How come they are allowed to organise themselves to try to control the price of beef? 

Surely the market should be allowed to decide that? 

If the meat processors had a meeting to discuss controlling the price they pay to farmers, I presume that they would go to jail for it. 

Brendan


----------



## jpd (13 Aug 2019)

My understanding of the problem is that there are not "meat producers" but one huge "meat producer" and a lot of small ones that just ride along, so farmers are essentially price takers with little or no competition.

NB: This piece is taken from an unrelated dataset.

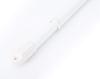 Toyotomi Metal Clothes Drying Pole, Telescopic Rust-Resistant Aluminum Pole (Extends from 1.5m To 2.6m), Body Color: White (Cap: White)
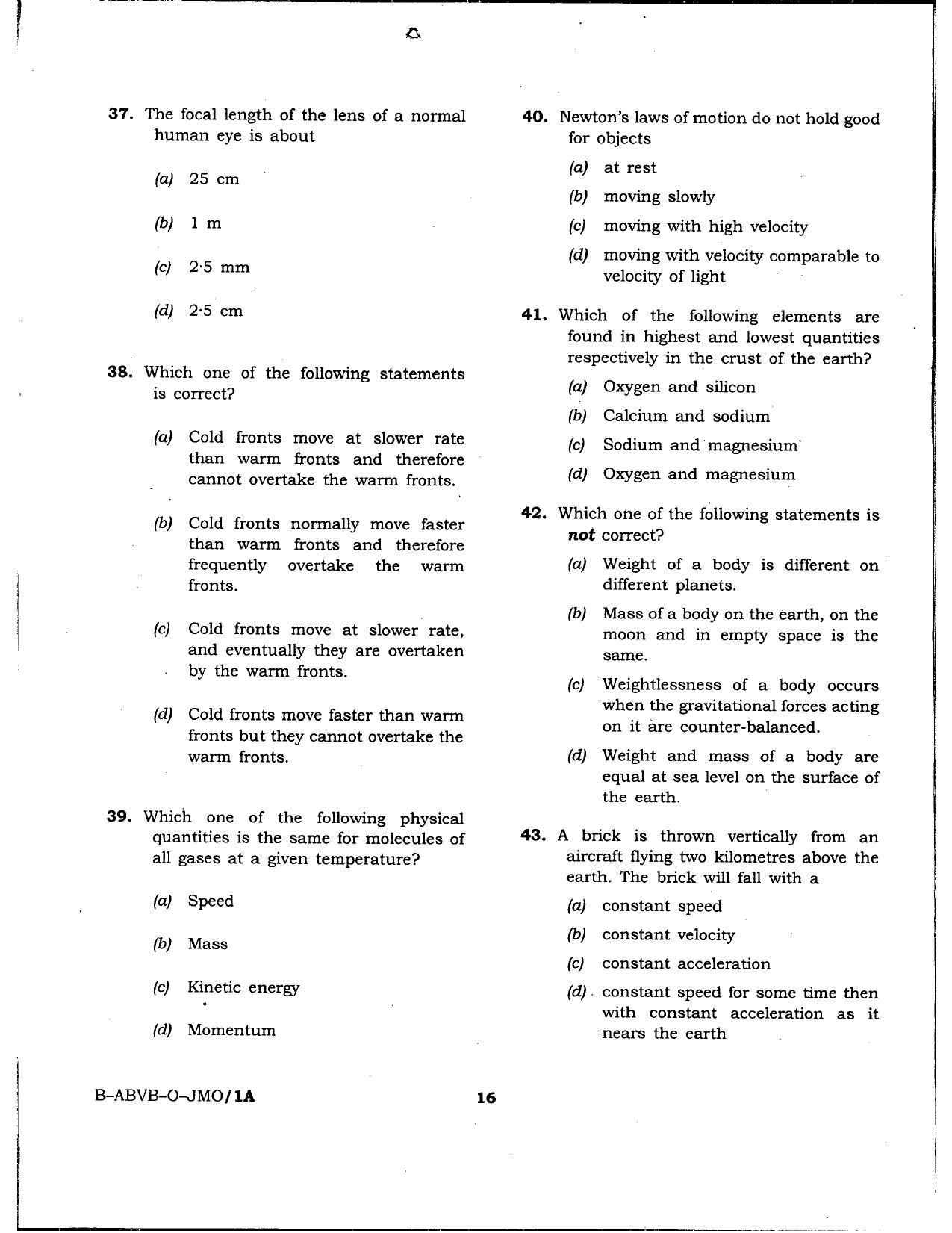 HPSSSB Fitter Model Papers: General Knowledge - Page 16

The retailers, of course, are delighted to offer low price meat to consumers who are delighted to have cheap burgers, steaks, etc


----------



## NoRegretsCoyote (13 Aug 2019)

It's a good point Brendan.

Several years ago the then-Competition Authority successfully managed to stop the IMO negotiating on behalf of GPs. This was on the grounds that they were sole practitioners and were not allowed to collude on price setting.


----------



## galway_blow_in (13 Aug 2019)

The largest processor player ( LG) has himself a massive feed lot, he is able to manipulate the market as a consequence some of the time due to having his own supply much of the time

Not saying this is the overarching factor, right now the weak pound is a huge contributor, beef sector far too reliant on the UK market


----------



## PaddyBloggit (13 Aug 2019)

A piece on the Indo about it: https://www.independent.ie/business...-as-talks-cannot-discuss-prices-38398554.html


----------



## Peanuts20 (13 Aug 2019)

No, they are not strictly covered. They have an exemption and can organise themselves into what are known as "producer organisations" which would include the IFA and ICMSA. These organisations can then negotiate collectively.


----------



## Easeler (13 Aug 2019)

Hand outs more hand outs needed to keep the big tractors and jeeps on the road.I live down here in farming country you wouldn't get much off them, they don't give much back to the community, we were trying to get a farmer to to push his boundary back a couple of meters along a busy stretch of road so kids could walk to school safely he wouldn't give it. It's a case what's in it for me.


----------



## NoRegretsCoyote (13 Aug 2019)

PaddyBloggit said:


> A piece on the Indo about it: https://www.independent.ie/business...-as-talks-cannot-discuss-prices-38398554.html



Genuine question: aren't beef prices set on world markets? Or are there factors which mean Irish prices aren't influenced by prices abroad?


----------



## galway_blow_in (13 Aug 2019)

NoRegretsCoyote said:


> Genuine question: aren't beef prices set on world markets? Or are there factors which mean Irish prices aren't influenced by prices abroad?



No, they are not comparable to grain or soybeans etc


----------



## Brendan Burgess (13 Aug 2019)

PaddyBloggit said:


> A piece on the Indo about it



Hi Paddy

That is great to see that the Competition Authority is raising the issue 

_Angry farmers have lashed out at the Competition and Consumer Protection Commission (CCPC), calling its rules and enforcement structure "a joke".
It comes after the commission told the Beef Plan Movement (BFM) its two-week protests outside meat plants may be unlawful and discussions about future pricing intentions is not allowed under competition law._

Brendan


----------



## NoRegretsCoyote (13 Aug 2019)

galway_blow_in said:


> No, they are not comparable to grain or soybeans etc



How so?

Do Irish beef prices have zero correlation with global prices?


----------



## galway_blow_in (13 Aug 2019)

NoRegretsCoyote said:


> How so?
> 
> Do Irish beef prices have zero correlation with global prices?



You asked if there was an international price benchmark as is the case with grain, the answer is no


----------



## Delboy (13 Aug 2019)

3 meat processors account for 90% of that industry here. I wonder how much price variance there is between them and have the Competition Authority ever looked in their direction


----------



## jpd (13 Aug 2019)

I hope you are not implying that they somehow worked together? people have been sued for less!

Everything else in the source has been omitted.